Busride. Enormous fields checkered and spotted, glimmering, with white and black plastic bags. Rise out of the valley halfway up a hill, picturesqueness. Chefchauen, an unsublime town seemingly built for tourists, in its offseason. Walk up the hill, many idle youth around waiting to extract money or facilitate said extraction. "Amigo!, Amigo!" I don't see any hotels, so I answer the hello from a guy in a Che Guevara hat. The hotel he said would be 50 dirham or 60 turns out to be 70. Okay. We chat over a horrendous hollywood movie whose protagonist is seemingly a gun-wielding Soviet traitor who has come over to the good side of the cold war and now runs secret CIA missions or something or other, Guevara Hat thinks Che was from Brazil, doesn't quite believe me that he fought in Africa.

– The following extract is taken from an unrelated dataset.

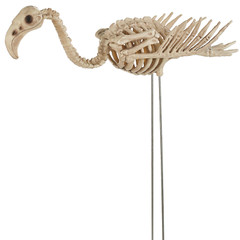Flamingo Skeleton 27 In – Seasons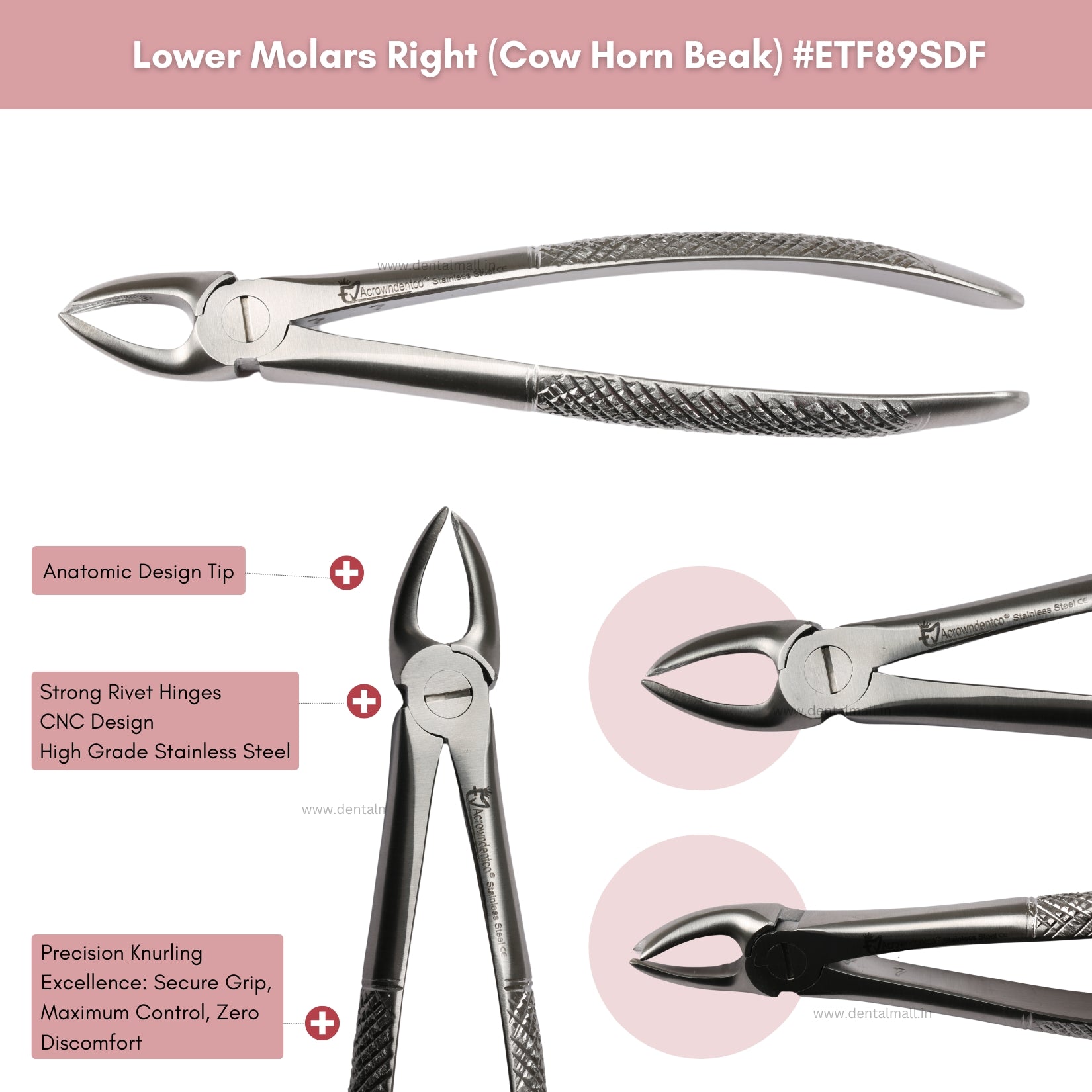 Extraction Tooth Forceps Kit – Standard English Pattern, Dull Finish, Set of 14 Pcs #ETFK14SDF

He and the hotel proprietor try to convince me to go to their friend's spice and herb shop, okay, maybe he'll have something for my slightly strange-feeling stomach. Escorting a few door-openings down from the hotel, duck into the back of a shop, 'Sit down, be comfortable. Have some tea.' Oh, this is what this is, I'm thinking, I've read about this, can't believe I fell for this. 2 italians from the hotel and I smell a few spices and then have a hundred rugs unfolded and laid before us. Much chat, smiley rugstore owner knows niceties in manifold languages. Things unfolded before us, more things, 'which do you like?,' 'I'll write a starting price down on this piece of paper,' 'It's fun, bargain with me,' 'What price could you offer?' The man does not understand the concept of no. The Italian man and woman buy a star-wars-desert-planet-dweller looking chilaba cloak and a rug, respectively, I still don't want anything. 'It would be a personal favor, this is the off-season.' Since I buy no cloaks or rugs, smiley salesman won't sell me tea for my stomach. Night has fallen when we duck out of the shop. I walk around for a few hours. I can't shake the feeling that I'm one more set of footprints on a very well trodden tourist path.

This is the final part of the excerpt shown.